Task details:
Give back the whole listing exactly as written, leaving out each picture.

--- START ---

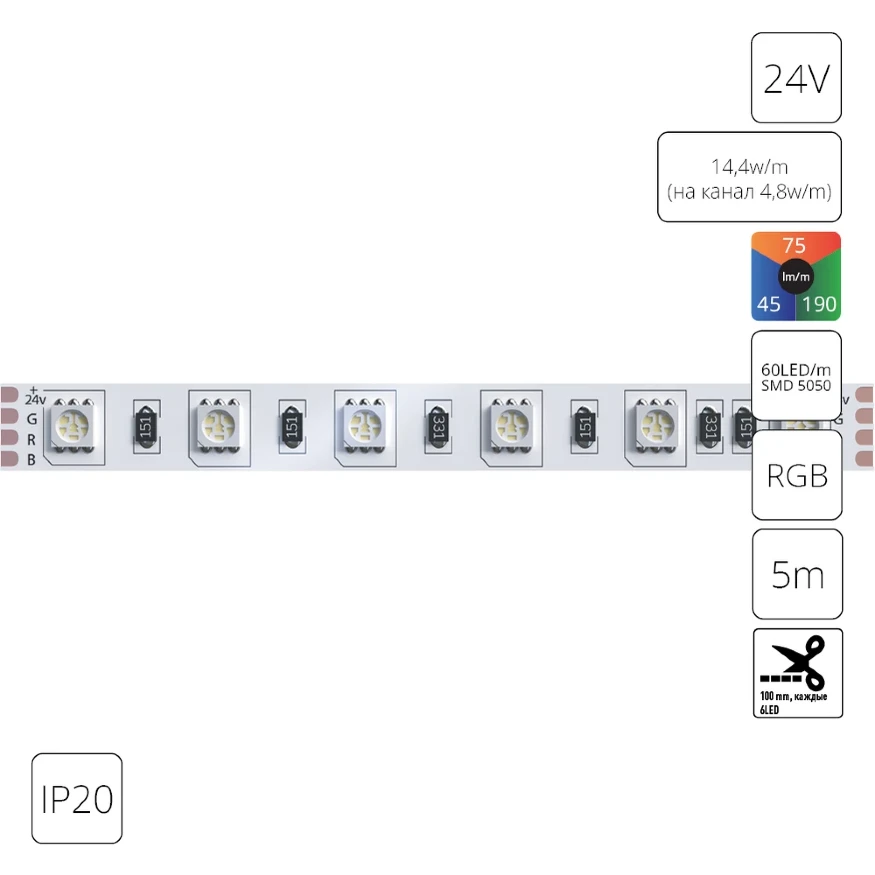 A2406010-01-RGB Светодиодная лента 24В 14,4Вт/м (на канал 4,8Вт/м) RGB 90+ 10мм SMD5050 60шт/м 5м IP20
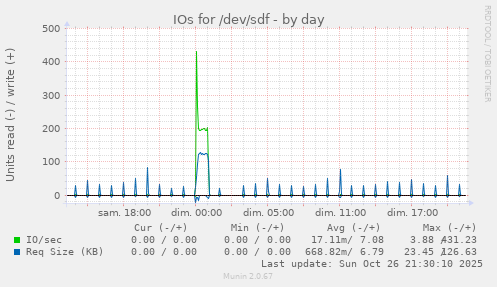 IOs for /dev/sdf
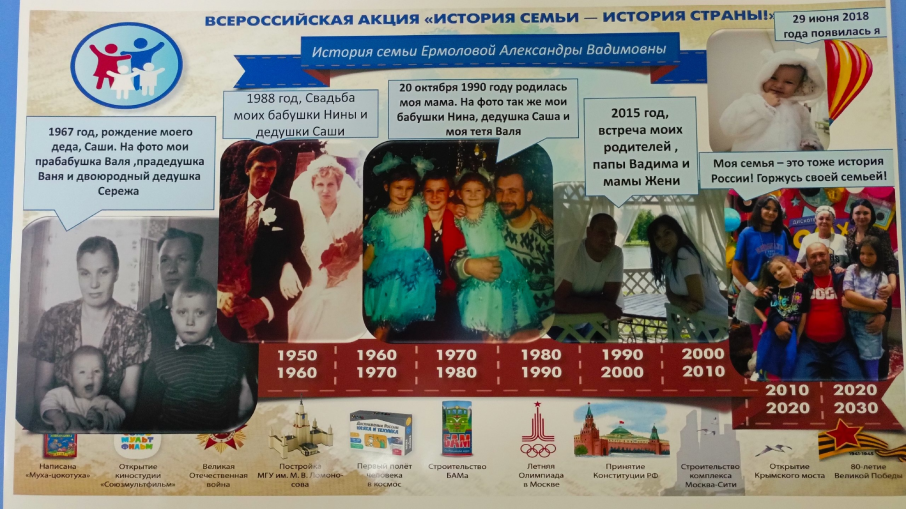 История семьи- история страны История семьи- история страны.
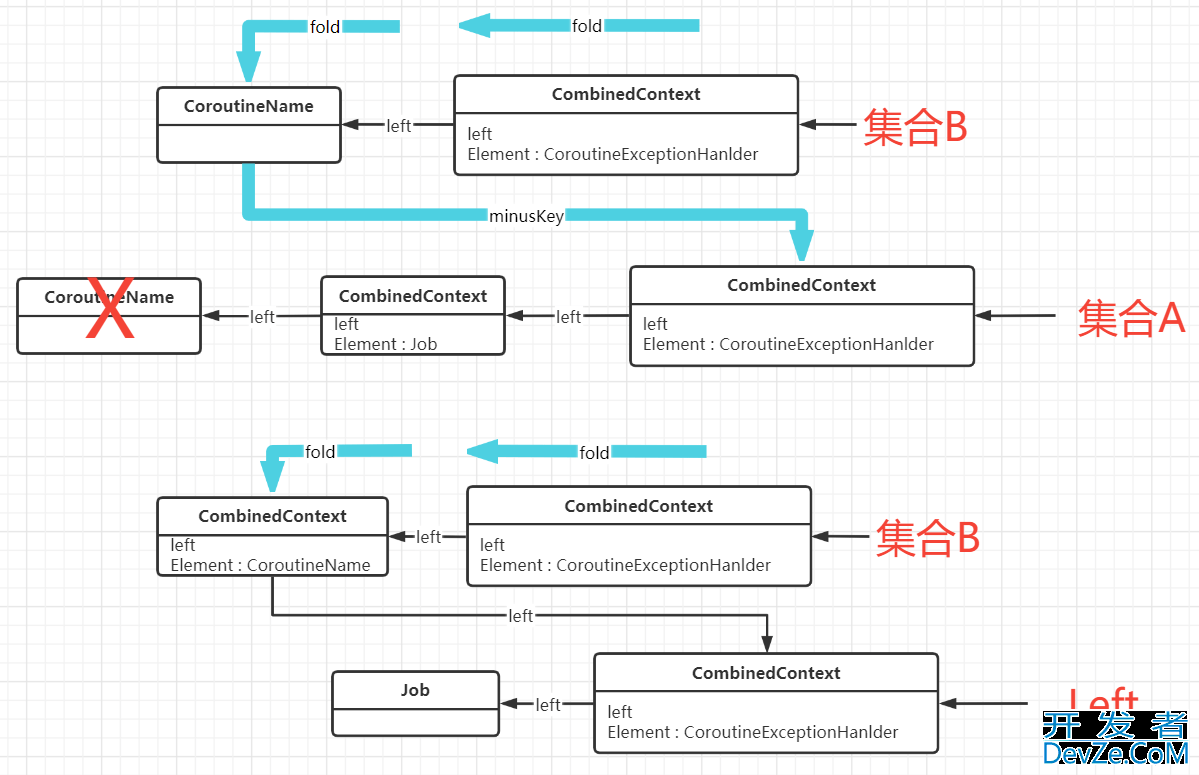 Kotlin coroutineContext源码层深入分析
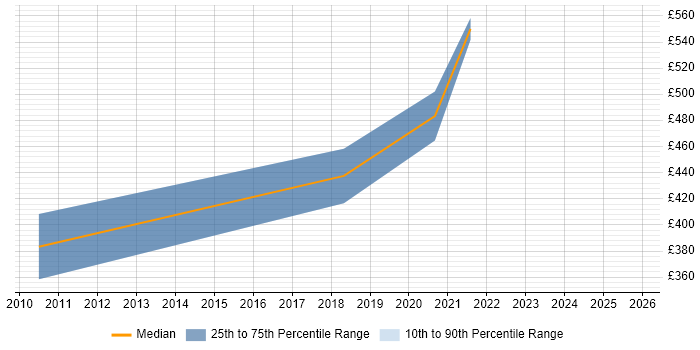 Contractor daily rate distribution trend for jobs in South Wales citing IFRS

--- END ---

Task result:
 A2406010-01-RGB Светодиодная лента 24В 14,4Вт/м (на канал 4,8Вт/м) RGB 90+ 10мм SMD5050 60шт/м 5м IP20
 IOs for /dev/sdf
 История семьи- история страны История семьи- история страны.
 Kotlin coroutineContext源码层深入分析
 Contractor daily rate distribution trend for jobs in South Wales citing IFRS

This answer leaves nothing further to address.